The Unexpected Places Where Artificial Intelligence Will Emerge - ccozan
http://io9.com/the-unexpected-ways-that-artificial-intelligence-might-1355337058@rtgonzalez
======
jonnathanson
These places don't strike me as very "surprising." If we wanted to talk
"surprising," we should be looking at the more offbeat, but nevertheless
plausible sources:

1) Logistics & transportation. Inventory/warehouse management, traffic
management systems, shipping, autonomous cars and even roads, etc.

2) Intelligence. Both industrial and government-oriented. Heavy investment is
being made in semantic/parsing algorithms, pattern matching, and analysis.

3) Medical research. New drugs are already being invented by combinatory
programs. But there are still a lot of inefficiencies in the system, because
it's basically the throw-spaghetti-at-the-wall-and-see-what-sticks approach.
There are billions of dollars to be made by the company who can develop a
smarter combinatory program, and no doubt billions being invested in the
effort to do so. Also: robotic surgery and medicine -- though that's more
robotics than AI, per se.

4) Weather modeling and prediction. As the global climate and weather become
less predictable, the challenge of prediction grows increasingly
computationally complex (and more economically valuable). I would expect huge
investment in this area in the future, if it's not happening already.

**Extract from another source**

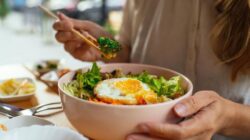 Berikut rekomendasi menu santap sahur yang bikin kuat puasa seharian dan tidak mudah lapar.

At the end of the day, AI seems most likely to emerge in the places where a)
the difficulty of the problem at hand far surpasses humans' best efforts; b)
the need for speed or scale cannot be accommodated by human effort; c) the
economic upside is enormous (ergo, incentives for R&D expenditures); d) the
nature of the problem is best solved by a "superhuman" intelligence model,
i.e., a model of computation _resembling_ the way the human brain thinks about
problems, but more robust -- something requiring creativity, problem solving,
and working memory at enormous scale.

------
brownbat
> working on creating military robots that are as lifelike as possible

Ars wrote a while back about the linux-powered rifle,[1] it seems clear we
still have some healthy reluctance for letting AI decide when to fire guns. So
what could you use a battlefield infantryman for if no one wants to go down
the road of arming AI?

Sure, the dog is one thing, to carry supplies or retrieve someone for medical
assistance. Another though, might be behavioral camouflage.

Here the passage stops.